In German, she’s called a Weinbergschnecke: literally, a wine mountain snail. Extrapolating from the “Berg” (mountain) part of her nomenclature, I named her “Bergie.” Why did I decide that this snail was female? No clue. Except that she looked like a girl. And like a Bergie. (Snails are actually hermaphrodites.)
Bergie was a helix pomatia, also known as “escargot snail.” That’s right, she was one of the edible ones, and I kept her as a pet. I always felt right courageous for having rescued her from a terrible culinary fate. Besides, she had a damaged spot on the top of her shell when I found her. Though she’d already repaired it, I knew she needed a little extra TLC.
At some point — I don’t remember why — it came time for me to set all of my snails loose, and I knew I wouldn’t be acquiring more. When I placed them carefully into the damp underbrush in the big courtyard, they slimed happily away without a clue that they now found themselves in a bigger, more dangerous, and yet more variegated world. I said goodbye to them all: pink, yellow, striped, big, little, medium.

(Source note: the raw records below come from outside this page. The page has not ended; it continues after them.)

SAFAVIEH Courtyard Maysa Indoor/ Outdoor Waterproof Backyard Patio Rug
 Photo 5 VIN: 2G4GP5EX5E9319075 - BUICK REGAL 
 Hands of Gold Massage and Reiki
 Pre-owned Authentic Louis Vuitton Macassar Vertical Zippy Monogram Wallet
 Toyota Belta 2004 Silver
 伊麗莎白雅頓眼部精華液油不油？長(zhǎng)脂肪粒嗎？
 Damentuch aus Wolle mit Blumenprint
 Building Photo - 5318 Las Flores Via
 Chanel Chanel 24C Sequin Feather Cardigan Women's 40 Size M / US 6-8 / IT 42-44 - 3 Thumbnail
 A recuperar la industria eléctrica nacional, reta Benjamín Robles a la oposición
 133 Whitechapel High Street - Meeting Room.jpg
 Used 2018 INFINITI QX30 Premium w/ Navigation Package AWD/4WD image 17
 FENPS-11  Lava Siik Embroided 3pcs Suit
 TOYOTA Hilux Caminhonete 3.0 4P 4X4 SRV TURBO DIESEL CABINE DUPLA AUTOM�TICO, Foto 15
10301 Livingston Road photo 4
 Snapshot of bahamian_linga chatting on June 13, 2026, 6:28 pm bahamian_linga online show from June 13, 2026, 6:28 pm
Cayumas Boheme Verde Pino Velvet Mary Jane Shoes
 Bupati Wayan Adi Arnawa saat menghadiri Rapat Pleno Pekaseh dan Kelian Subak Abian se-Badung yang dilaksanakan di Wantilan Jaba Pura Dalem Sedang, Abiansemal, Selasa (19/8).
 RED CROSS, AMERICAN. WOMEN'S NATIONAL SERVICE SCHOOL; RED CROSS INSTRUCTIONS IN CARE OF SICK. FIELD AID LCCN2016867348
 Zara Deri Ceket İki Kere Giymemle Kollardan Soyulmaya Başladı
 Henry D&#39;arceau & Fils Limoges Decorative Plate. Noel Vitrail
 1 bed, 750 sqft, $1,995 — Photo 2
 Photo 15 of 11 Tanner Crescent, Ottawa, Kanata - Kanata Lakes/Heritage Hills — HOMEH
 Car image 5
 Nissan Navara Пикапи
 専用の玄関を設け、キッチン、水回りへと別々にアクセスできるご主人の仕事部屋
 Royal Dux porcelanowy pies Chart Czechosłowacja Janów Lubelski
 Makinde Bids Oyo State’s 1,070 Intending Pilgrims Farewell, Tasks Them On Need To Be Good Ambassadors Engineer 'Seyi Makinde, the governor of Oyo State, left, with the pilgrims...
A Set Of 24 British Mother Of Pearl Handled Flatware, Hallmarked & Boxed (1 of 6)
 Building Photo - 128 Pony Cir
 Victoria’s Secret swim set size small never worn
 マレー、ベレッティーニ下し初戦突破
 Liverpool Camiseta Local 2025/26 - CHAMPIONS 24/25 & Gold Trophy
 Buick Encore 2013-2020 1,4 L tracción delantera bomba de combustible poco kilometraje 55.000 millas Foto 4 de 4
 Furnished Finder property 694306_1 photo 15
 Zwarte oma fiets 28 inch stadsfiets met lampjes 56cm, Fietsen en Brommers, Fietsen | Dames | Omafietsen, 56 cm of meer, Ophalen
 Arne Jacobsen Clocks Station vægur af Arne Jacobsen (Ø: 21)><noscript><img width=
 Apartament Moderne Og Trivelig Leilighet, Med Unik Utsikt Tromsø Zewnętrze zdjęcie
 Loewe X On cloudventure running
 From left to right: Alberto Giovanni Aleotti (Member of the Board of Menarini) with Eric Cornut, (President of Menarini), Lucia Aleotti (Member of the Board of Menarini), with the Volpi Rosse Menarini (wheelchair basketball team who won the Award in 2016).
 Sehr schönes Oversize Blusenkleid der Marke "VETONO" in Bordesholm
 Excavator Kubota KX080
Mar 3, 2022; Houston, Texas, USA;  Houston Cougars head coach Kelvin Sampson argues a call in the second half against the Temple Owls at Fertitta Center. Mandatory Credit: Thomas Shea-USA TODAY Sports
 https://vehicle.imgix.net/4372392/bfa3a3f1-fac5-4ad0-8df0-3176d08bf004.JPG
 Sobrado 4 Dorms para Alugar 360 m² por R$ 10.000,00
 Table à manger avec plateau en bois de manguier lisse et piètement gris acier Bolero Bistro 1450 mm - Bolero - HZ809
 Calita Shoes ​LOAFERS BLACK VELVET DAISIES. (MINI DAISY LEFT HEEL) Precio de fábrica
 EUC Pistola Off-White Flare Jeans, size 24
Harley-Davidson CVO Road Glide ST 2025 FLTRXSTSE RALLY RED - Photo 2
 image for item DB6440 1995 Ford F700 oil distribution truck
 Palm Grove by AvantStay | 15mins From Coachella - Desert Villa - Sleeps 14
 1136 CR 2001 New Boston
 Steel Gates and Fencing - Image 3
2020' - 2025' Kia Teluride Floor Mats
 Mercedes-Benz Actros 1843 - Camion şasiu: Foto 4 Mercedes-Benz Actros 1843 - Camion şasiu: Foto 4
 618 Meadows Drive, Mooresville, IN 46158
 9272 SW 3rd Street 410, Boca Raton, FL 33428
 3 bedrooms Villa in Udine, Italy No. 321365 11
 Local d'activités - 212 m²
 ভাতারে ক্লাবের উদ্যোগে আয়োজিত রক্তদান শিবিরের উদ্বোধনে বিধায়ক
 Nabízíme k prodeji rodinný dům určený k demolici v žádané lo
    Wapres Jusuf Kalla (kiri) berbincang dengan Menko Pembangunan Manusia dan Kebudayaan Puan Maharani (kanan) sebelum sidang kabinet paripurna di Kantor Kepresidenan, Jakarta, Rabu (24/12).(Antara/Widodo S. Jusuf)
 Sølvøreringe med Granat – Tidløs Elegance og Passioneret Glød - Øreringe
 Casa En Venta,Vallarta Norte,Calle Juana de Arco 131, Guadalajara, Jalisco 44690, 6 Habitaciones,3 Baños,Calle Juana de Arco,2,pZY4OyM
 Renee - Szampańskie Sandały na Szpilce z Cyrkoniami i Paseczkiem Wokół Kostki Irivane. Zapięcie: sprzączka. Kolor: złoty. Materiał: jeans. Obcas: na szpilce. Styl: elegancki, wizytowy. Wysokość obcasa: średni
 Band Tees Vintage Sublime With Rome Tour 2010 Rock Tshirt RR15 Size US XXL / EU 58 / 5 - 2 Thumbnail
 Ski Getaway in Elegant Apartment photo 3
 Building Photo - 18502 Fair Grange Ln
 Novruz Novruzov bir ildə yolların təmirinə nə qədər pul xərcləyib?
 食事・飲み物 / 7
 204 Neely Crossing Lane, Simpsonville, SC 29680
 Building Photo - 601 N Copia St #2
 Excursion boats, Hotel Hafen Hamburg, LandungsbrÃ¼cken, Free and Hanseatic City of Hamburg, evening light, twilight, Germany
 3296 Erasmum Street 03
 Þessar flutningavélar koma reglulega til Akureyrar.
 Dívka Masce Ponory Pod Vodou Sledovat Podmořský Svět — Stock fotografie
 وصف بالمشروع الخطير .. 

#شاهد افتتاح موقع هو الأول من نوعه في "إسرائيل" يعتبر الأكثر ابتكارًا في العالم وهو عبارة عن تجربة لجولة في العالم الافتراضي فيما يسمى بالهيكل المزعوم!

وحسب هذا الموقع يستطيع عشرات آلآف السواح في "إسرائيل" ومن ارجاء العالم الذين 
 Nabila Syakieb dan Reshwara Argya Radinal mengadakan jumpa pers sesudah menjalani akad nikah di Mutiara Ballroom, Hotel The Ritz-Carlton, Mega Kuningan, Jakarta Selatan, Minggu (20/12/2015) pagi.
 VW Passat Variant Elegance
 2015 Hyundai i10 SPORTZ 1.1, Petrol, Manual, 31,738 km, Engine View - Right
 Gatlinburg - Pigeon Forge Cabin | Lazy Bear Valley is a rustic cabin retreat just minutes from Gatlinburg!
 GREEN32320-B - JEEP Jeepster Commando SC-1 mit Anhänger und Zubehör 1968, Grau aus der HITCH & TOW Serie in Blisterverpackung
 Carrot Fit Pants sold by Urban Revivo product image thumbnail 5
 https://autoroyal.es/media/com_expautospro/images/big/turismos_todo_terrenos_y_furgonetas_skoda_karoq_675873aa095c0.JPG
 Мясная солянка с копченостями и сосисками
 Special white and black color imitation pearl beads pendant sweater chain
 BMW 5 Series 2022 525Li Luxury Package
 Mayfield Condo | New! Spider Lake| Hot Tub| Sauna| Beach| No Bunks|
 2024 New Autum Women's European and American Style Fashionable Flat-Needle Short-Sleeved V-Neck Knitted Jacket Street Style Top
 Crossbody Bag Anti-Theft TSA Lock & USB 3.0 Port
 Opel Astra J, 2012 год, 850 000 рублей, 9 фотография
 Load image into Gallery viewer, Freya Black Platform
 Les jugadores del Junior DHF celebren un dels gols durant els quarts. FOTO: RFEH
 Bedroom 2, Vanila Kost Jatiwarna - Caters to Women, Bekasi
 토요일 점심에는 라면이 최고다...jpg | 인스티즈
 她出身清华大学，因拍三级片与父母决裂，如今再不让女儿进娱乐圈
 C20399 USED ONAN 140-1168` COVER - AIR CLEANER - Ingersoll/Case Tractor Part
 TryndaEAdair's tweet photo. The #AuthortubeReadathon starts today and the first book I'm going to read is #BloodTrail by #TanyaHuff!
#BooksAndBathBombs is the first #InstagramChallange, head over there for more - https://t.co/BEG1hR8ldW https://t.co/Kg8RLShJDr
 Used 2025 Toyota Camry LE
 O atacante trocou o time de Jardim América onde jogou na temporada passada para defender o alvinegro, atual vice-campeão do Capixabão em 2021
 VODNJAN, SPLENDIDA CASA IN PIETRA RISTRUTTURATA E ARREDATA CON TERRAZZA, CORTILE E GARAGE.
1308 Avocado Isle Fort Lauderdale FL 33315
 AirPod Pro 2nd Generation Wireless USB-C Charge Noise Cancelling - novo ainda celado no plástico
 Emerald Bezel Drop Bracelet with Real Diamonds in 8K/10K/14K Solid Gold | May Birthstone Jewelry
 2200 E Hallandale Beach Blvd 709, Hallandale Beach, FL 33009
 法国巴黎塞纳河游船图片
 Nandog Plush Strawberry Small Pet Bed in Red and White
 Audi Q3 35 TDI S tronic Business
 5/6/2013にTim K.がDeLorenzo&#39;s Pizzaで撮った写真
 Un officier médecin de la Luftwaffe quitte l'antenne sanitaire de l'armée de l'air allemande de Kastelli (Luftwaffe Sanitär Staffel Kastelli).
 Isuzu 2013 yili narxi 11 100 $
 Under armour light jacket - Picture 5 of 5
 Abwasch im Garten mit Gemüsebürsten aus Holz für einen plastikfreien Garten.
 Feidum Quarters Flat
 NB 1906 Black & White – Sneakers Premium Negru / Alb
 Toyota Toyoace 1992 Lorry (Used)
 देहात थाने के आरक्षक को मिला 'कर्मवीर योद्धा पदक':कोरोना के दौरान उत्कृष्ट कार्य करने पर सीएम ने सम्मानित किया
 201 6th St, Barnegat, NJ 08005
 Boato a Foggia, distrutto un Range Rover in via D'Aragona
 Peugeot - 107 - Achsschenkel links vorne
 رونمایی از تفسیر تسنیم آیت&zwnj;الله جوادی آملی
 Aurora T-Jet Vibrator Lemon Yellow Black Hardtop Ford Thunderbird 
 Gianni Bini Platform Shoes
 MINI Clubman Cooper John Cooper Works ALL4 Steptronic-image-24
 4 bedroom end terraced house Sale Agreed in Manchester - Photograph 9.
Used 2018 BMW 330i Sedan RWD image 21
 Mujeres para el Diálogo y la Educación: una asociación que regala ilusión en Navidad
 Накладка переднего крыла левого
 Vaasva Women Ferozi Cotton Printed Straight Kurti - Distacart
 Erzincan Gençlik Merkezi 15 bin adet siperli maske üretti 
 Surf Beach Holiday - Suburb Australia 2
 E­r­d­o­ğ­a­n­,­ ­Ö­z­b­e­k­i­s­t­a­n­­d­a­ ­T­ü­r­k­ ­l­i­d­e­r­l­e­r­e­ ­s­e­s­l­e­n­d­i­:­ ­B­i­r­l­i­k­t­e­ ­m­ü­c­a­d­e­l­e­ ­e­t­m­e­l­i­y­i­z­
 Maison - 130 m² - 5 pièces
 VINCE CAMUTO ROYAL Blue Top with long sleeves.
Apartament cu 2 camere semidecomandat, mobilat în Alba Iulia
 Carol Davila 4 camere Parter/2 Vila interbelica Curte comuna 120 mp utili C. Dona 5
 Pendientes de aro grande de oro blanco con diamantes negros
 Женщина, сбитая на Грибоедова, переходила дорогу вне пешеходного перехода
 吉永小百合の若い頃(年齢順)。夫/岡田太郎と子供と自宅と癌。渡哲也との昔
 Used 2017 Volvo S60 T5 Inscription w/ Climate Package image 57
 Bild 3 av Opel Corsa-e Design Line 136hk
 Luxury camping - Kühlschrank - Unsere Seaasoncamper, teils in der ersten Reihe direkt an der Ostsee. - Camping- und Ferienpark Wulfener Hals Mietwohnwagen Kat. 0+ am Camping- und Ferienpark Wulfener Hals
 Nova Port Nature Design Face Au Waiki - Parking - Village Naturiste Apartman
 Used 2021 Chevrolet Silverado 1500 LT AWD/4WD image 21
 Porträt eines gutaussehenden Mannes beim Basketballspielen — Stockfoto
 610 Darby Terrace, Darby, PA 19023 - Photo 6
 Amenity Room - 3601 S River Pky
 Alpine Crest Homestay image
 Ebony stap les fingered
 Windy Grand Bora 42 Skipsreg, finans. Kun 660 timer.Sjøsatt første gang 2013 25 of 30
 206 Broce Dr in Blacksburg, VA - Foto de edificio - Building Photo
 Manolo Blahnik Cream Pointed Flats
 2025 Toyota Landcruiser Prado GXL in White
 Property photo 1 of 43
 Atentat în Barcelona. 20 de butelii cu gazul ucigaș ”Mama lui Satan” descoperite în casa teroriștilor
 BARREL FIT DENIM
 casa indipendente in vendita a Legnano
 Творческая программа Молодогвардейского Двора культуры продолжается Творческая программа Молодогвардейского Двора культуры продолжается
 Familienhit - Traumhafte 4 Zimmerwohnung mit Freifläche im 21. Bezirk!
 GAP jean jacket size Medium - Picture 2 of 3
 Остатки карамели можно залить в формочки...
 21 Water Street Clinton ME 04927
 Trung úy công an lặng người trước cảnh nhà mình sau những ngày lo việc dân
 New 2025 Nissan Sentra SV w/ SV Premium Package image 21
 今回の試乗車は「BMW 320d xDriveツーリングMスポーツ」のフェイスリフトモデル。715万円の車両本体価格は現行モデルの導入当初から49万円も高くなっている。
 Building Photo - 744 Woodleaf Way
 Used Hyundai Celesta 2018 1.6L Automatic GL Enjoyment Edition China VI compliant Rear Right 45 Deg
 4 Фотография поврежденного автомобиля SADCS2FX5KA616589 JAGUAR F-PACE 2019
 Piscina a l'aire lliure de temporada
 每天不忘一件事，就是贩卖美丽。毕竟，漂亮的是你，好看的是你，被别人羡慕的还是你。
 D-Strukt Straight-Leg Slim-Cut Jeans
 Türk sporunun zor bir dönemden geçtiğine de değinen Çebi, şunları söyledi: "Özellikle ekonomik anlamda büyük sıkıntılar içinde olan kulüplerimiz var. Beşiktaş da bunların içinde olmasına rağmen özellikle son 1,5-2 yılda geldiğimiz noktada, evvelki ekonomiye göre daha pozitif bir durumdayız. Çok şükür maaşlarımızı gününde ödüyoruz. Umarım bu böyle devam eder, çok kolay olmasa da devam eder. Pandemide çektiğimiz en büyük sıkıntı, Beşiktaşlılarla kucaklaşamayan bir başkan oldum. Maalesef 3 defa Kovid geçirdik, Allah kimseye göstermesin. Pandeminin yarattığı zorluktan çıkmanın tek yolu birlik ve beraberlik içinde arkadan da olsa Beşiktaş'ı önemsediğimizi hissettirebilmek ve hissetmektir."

But the only one I truly regretted was Bergie. She poked her head out, unrolled her eye stalks, and looked around as though she knew exactly what was going on. I was sad, but I thought she might be excited about this new adventure. I watched her for a few minutes as she got acclimated. Once she was well on her slow, meticulous way into the grand expanse of Untamed Flowerbeds Plot Next To Stone Wall, I went home.
Some time later — it might’ve been a few months, it might’ve been a year — we moved away. A few days before we left for good, I went hunting in the courtyard one last time. Sure enough: There, under the well-drenched leaves of a stinging nettle, sat a Weinbergschnecke with a telltale scar on the top of its shell. Bergie! Weird kid that I was, I grinned like an idiot.
But I didn’t bother her. If she had forgotten me, I didn’t want to hurt her feelings by making her remember.